NL: How do you decide whether to accept an object? And under what conditions would you advise donors to get rid of their Nazi-objects?
LL: We collect the offers coming in and discuss them with the museum management and the curating staff every week. The criteria for taking objects into our collection are how well they convey history and what they contribute to research. Our most important question is what stories the objects tell: Who kept them? How were they used? What narrative do they convey? If we reject them, we’ll recommend other institutions that might take them. Sometimes we suggest that the family keep the objects, well-contextualized, as part of its history. If the items are not part of a person’s history, or if they’re mass-produced with no singular character, we might recommend that the owners – under certain circumstances – dispose of them.
NL: What are the conditions under which people are allowed to sell Nazi objects on the open market?
LL: I’m not a lawyer, but according to the Austrian Verbots- and Abzeichengesetz (Prohibition and Badge Act), Nazi symbols may not be disseminated. Selling is a form of dissemination and therefore prohibited. At home, unfortunately, you are allowed to keep all kinds of things, as long as you don’t show them to anyone. But the law is currently being debated. In mid-November 2022, decisions were made to tighten the laws. In this case, even the possession of certain objects could be forbidden.

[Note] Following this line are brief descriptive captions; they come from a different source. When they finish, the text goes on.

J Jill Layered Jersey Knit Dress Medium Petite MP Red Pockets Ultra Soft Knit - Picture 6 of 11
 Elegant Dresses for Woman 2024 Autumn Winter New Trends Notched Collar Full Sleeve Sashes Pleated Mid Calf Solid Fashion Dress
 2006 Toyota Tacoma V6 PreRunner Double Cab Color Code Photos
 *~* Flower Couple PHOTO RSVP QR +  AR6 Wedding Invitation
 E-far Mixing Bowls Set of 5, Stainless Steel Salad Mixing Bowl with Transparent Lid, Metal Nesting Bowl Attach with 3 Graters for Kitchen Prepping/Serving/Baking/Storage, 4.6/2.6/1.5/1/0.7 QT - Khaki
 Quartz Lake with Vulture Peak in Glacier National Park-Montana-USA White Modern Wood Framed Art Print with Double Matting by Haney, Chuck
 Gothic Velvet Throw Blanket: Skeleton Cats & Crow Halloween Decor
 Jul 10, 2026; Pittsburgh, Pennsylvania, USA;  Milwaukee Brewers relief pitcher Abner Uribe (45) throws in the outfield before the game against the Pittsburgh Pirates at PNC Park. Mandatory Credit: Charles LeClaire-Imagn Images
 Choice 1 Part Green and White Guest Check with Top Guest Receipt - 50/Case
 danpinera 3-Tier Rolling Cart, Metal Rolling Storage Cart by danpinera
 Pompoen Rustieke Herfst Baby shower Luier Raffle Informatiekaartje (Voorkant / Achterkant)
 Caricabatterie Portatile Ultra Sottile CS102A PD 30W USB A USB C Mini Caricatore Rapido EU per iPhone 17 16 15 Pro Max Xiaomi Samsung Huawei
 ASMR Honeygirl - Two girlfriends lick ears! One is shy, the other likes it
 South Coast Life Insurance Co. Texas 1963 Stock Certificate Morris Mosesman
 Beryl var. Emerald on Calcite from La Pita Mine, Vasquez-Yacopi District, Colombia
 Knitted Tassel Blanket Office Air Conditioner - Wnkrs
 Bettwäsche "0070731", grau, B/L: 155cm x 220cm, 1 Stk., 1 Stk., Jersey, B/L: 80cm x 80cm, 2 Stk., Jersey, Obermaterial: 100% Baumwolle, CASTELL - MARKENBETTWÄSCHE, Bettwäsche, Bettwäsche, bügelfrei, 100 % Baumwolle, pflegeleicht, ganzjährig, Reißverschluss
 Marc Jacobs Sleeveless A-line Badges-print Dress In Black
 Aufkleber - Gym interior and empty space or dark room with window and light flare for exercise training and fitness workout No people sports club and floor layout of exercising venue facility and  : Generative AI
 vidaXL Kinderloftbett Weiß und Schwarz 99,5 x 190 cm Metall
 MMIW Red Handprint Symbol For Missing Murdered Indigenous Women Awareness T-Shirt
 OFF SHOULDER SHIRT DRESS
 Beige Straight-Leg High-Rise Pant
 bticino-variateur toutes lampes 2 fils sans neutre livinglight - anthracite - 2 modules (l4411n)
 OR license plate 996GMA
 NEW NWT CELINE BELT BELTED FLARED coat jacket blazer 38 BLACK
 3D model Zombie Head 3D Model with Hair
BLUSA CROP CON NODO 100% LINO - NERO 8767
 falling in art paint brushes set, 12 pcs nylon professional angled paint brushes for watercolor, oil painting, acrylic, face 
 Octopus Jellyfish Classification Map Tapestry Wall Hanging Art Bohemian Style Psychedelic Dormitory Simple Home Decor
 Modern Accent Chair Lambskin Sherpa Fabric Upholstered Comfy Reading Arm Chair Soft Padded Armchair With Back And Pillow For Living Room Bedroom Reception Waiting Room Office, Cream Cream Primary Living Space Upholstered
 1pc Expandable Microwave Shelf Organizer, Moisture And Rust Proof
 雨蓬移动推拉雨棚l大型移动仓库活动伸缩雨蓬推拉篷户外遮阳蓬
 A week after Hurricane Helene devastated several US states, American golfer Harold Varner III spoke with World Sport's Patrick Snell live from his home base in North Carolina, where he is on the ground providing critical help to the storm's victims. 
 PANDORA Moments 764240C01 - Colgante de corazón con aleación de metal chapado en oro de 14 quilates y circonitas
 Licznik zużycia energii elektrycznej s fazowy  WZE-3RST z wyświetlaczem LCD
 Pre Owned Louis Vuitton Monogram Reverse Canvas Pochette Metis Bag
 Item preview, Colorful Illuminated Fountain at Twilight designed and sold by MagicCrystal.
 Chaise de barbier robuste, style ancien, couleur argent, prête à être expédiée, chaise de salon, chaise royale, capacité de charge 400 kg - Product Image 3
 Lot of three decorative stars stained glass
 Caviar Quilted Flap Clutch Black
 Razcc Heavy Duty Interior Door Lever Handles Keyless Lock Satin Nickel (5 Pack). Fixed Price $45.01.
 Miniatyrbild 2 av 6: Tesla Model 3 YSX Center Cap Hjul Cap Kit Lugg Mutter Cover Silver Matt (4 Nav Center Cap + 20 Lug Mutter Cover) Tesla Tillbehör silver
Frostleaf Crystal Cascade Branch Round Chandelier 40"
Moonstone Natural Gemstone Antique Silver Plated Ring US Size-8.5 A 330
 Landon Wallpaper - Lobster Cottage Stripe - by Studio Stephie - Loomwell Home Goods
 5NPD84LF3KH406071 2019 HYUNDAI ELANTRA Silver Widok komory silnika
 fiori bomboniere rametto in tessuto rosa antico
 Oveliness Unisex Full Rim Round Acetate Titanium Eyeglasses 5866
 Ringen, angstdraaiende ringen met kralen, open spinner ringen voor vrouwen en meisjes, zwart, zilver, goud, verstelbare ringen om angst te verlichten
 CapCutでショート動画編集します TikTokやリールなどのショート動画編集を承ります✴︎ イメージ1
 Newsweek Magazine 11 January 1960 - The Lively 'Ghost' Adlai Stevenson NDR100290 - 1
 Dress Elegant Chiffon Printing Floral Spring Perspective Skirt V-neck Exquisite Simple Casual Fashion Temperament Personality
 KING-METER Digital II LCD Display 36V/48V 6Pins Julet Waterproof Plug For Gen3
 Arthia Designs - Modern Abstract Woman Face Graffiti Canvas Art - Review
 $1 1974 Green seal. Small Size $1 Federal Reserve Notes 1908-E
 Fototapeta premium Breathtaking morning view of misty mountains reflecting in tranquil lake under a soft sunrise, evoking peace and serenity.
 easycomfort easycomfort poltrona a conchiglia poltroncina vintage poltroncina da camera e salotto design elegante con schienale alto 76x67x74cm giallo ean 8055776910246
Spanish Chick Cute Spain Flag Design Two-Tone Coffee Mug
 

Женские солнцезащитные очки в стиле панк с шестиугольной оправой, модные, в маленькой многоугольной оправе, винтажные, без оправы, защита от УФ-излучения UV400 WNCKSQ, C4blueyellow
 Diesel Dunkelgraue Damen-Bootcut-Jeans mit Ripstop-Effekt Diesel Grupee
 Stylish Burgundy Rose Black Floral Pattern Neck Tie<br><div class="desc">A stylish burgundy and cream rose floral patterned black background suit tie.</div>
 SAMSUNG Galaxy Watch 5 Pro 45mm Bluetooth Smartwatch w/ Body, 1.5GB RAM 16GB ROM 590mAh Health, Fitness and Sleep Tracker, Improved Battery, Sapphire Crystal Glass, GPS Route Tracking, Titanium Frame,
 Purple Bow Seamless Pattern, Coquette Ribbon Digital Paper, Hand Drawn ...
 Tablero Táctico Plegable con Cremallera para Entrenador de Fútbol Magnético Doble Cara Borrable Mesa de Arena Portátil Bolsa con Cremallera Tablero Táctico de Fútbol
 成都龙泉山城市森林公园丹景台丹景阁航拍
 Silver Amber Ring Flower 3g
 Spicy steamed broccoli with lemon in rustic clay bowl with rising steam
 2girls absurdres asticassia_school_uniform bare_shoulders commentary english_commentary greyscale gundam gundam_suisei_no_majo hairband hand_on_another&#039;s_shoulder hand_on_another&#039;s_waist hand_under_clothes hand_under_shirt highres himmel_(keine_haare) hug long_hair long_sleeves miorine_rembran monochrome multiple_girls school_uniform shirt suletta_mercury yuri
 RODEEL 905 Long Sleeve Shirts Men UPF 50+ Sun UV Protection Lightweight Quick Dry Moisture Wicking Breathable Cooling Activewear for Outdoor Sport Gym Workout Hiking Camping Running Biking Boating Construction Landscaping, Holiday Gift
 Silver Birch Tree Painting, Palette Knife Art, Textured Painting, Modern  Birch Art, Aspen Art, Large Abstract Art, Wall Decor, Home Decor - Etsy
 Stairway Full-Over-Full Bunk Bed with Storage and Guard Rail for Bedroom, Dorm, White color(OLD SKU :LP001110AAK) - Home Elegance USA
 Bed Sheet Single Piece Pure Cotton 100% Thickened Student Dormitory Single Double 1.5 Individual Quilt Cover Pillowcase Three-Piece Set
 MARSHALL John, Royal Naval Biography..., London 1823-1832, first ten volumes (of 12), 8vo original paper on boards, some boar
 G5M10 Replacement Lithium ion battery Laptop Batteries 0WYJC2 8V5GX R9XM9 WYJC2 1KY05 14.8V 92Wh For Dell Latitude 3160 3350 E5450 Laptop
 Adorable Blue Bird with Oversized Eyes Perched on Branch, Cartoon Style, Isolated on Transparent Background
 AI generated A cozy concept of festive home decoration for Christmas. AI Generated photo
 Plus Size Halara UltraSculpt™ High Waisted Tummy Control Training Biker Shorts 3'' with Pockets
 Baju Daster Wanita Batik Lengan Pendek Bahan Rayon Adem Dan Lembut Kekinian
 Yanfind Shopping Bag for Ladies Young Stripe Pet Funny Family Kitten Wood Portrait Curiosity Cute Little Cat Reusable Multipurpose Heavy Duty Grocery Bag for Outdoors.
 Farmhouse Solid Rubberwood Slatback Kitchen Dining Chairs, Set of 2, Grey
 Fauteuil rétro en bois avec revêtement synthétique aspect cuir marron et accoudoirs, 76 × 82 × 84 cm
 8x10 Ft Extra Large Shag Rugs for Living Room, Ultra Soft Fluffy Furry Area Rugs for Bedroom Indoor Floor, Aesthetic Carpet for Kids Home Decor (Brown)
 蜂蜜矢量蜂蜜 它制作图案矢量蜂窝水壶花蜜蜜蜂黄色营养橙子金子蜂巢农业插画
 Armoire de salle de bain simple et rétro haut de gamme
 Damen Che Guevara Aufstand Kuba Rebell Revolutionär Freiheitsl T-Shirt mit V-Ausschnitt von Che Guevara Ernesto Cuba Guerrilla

NL: Your exhibition invites the visitors to participate. Did they?
LL: Yes! The visitors discussed their ideas on what to do with Nazi-related objects openly and intensively. Our curators and mediators, Eva Meran, Markus Fösl, and Louise Beckershaus, developed a number of key interactive elements that were popular. At the moment, we’re evaluating the answer cards that visitors left us in the exhibition.
NL: Laura, I’m curious to know what messages they left you. Thank you very much for your insight!